Aug 26, 2011: Final Hurricane Irene Forecast


– Even though the 5-Day Forecast was not changed, the forecast is still valid and was used for this update. The forecast for each part of the area was described in more details below.

– The poll for Irene’s impact in NYC is still open. This poll will close on Saturday afternoon.

– Frequent updates will be posted in this page as well as the tropics page throughout the day tomorrow and on Sunday, which will include any potential changes to the forecast.


Hurricane Irene has been a very difficult storm to forecast up to this point. Constant changes in the model guidance resulted in uncertainty with Irene’s track, and Irene’s unexpected weakening today could result in a slightly better scenario for the East Coast than previously thought. Regardless of these issues with Irene and its forecast, Irene is a very large hurricane with its impacts being felt far away from the center of the storm, and will be the most significant tropical cyclone to affect the area since Hurricane Floyd in 1999.

Latest Information/Forecast For Hurricane Irene

As of NHC’s 8 PM update, Irene is located south of North Carolina with 100 mph sustained winds and a minimum pressure of 950 millibars. Irene is moving to the NNE at 14 mph. Irene’s outer rain bands are currently affecting the eastern half of North Carolina with heavy rain along with isolated tornadoes, and Irene’s center is starting to appear in the North Carolina radar.

Irene’s Intensity: Since yesterday, Irene has failed to improve in organization. This morning, Irene unexpectedly weakened into a category 2 hurricane while east of Florida; Irene was expected to maintain category 3 intensity until reaching North Carolina. This trend continued throughout the afternoon hours as Irene’s core became disorganized and an eye was no longer evident. Dry air and shear affected Irene, and it weakened at 2 PM to a weak category 2 hurricane with 100 mph sustained winds while east of South Carolina; Irene was not expected to reach this intensity until reaching Delaware’s latitude. As of this evening, Irene is attempting to reorganize its structure, and its pressure dropped by 1 millibar, but Irene has failed to reorganize its core and form a well defined eye. Due to Irene’s large size, any minimal drop in pressure is unlikely to result in any large increase in wind speed, and as a result of the above and Irene running out of time over water, Irene is expected to maintain its intensity, if not slightly weaken to a strong category 1 hurricane with 90 mph sustained winds, by the time that it makes landfall in North Carolina early on Saturday afternoon.

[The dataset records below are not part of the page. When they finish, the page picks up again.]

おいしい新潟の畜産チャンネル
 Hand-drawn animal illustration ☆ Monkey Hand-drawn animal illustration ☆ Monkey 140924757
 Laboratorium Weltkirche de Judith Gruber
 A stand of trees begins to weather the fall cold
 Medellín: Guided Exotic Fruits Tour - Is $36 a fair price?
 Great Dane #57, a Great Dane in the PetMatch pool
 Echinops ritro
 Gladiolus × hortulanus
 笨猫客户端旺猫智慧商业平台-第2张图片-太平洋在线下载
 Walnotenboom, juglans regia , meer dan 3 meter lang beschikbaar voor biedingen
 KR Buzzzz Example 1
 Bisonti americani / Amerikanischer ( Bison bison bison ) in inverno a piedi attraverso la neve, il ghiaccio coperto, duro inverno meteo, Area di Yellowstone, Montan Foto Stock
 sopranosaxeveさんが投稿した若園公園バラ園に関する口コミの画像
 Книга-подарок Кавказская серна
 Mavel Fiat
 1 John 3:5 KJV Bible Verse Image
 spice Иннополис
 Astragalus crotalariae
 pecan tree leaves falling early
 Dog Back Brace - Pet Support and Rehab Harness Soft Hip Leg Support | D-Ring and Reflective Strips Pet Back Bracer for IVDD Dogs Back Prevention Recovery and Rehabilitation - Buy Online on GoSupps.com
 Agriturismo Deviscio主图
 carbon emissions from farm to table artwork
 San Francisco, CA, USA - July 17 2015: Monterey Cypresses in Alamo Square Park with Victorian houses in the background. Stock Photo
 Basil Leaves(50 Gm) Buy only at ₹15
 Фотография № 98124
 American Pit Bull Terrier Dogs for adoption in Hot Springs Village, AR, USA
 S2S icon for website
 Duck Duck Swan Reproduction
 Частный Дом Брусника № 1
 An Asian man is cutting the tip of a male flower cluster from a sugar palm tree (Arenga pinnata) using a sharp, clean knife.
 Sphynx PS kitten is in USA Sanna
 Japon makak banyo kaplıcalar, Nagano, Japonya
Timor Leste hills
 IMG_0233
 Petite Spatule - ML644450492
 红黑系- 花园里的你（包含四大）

After making landfall in North Carolina, Irene will encounter colder sea surface temperatures, and is expected to begin weakening. At the same time, Irene will be interacting with a trough and will begin to become extra-tropical. Due to Irene’s very large size, only slow weakening is expected, and Irene is expected to maintain category 1 intensity throughout Saturday. There is some uncertainty on Irene’s intensity when making landfall near the NYC area, which will depend on how close to the Mid Atlantic coast Irene tracks as well as its intensity during the day tomorrow. At this time, Irene is expected to make landfall in western Long Island or NYC as a strong tropical storm, with sustained winds around 70 mph, but it is possible that Irene could be slightly weaker or stronger, with sustained winds between 65 and 75 mph possible when Irene makes landfall.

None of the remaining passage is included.